Sherry recently finished writing this exciting non-fiction story and it’s with a publisher for consideration.
It’s the story of an aristocratic family who settled the rugged land of Lake County, California in the 1880s. Their motive was to gain back the money they lost in England, but these white-glove aristocrats preferred cricket, boating, and acting over the chores of farming. Their story ends with failure, infidelity, family loss, and a scandalous divorce. While the men enjoyed themselves, Ethel Marian Barry Hertslet learned important life lessons, and her time on a California ranch gave her the strength she needed to deal with her real-life drama.
Like many other writers and historians of the American West, I was drawn to letters written by someone who traversed, lived, and called the west home in the late 1800s. They document the western experience of an affluent young Englishwoman who, along with her aristocratic husband and his brothers, set sail in 1885 for California seeking to make their fortune. Her story adds flesh, bone, and a much-needed woman’s perspective to settlement and ranching history. To read the candid words of someone who lived over a century ago is truly enlightening. Not only do you see the aristocratic E.M.H. as a woman searching for happiness, but you learn about her struggles and triumphs at new endeavors. She grows from a dependent daughter to an independent ranch wife. She describes the American landscape, current trends and news, and other events that are so invaluable because they are told by someone who lived it.
Beginning with her first Atlantic voyage, Ethel writes home about the journey aboard the S.S. Britannic, the people she met on the ship and the conditions at sea. Her letters to England continue when they land in New York, as they cross the United States, and once they reach their final destination in a rugged portion of Lake County, California known as Burns Valley.
For eighteen months she writes about their hopes, their social life, and their struggle to ranch. The letters end just shortly after the birth of her first child in 1886. Despite the short span of her correspondence, there is much to hold the attention.

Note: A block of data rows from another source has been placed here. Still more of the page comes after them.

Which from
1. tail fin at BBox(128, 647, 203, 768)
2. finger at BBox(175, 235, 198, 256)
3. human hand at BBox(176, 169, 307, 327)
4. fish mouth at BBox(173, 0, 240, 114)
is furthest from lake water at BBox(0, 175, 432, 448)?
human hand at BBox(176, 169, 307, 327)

Readers witness Ethel’s transformation from a rigid, high society woman who has never set foot in her parent’s English kitchen to an invested rancher’s wife who nurses a sick kitten back to health, milk’s cows, and has a pet lamb who sleeps on her lap. Ethel is forever the animal lover.
I hope To California and Back provides readers with a sense of what life was like for an affluent young Victorian woman searching for happiness. During her quest she found and lost loves, birthed and buried children, played Broadway, and endured scandals and estrangement from those she loved.